■ YOUR INSTRUCTIONS: Work out the number of lines in the listing that include the string "태양의서커스". Reply with that number alone.

■ DATA PROVIDED:
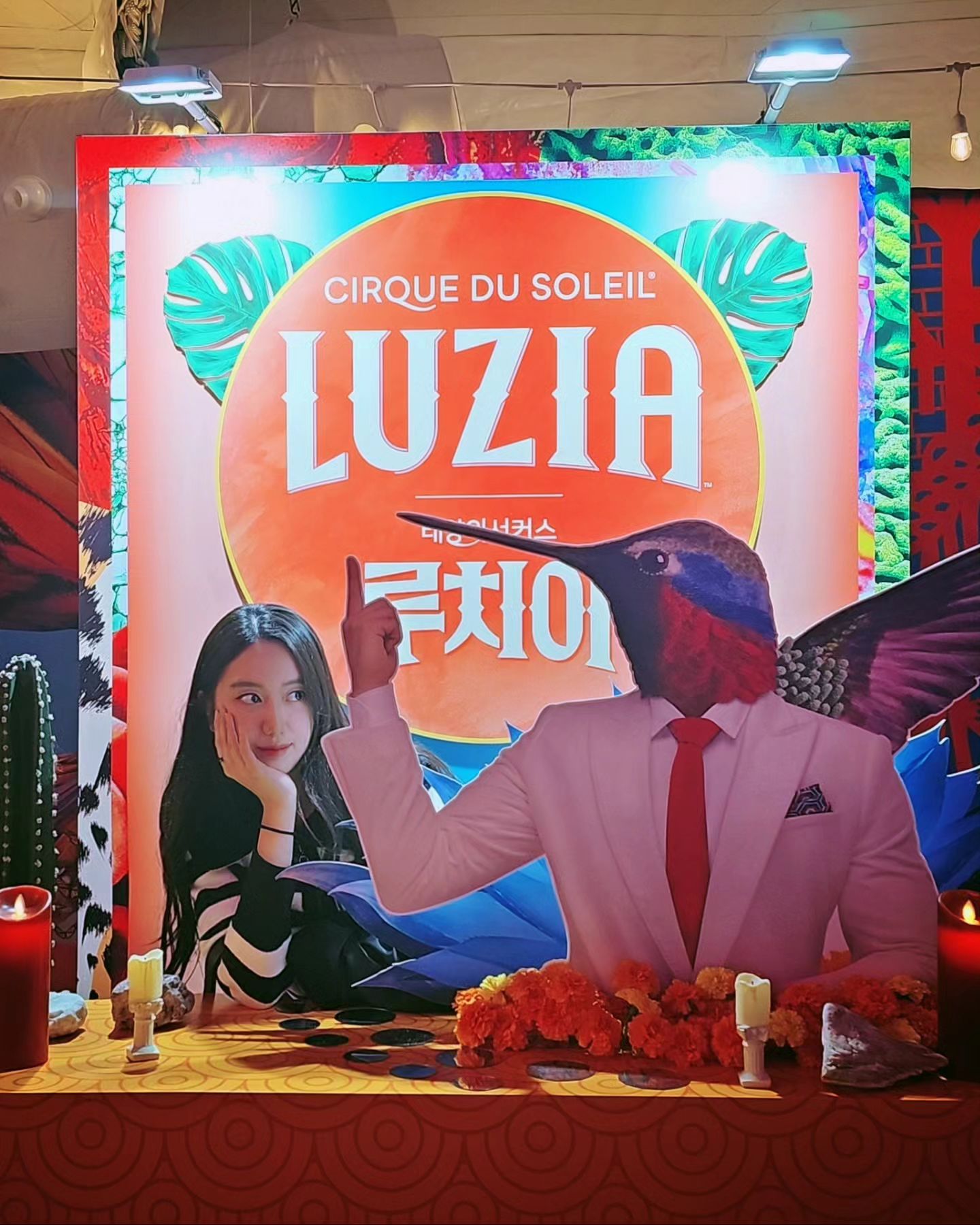 𝕃𝕌ℤ𝕀𝔸 🎪
-
태양의서커스 루치아✨
연말에 보고왔지만 지금 올리는 타임리프 포스팅
-
몇 년 전에 쿠자를 보고 재밌었던 기억이 있었는데
막공전에 친구가 보러 가자길래 호다닥 보고왔다 :)
-
역시나 재밌어!!짜릿해!!스릴넘쳐!!!
서커스 그거 뭐 뛰고 던지고 날아다니고 받고
그게 다지 똑같지 뭐...라고 생각했는데 
맞아 그게 다긴한데 너무 짜릿해ㅋㅋㅋㅋㅋㅋ
그 뛰고 던지고 날아다니는 걸 너무 잘하거든
-
몇 살이 보든 물개박수치는 4살 응애로 돌아가게 만드는 공연
-
#태양의서커스 #루치아 #cirquedesoleil #luzia 

📌
으에에...근1년간 귀찮아서 안올린 피드들이 너무 많아서
뭐부터 올려야 할지 모르겠다. 닥치는대로 시간순서 뒤죽박죽 올릴예정. 봄이었다 겨울이었다 여름이었다 가을일수도.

■ YOUR SOLUTION: 2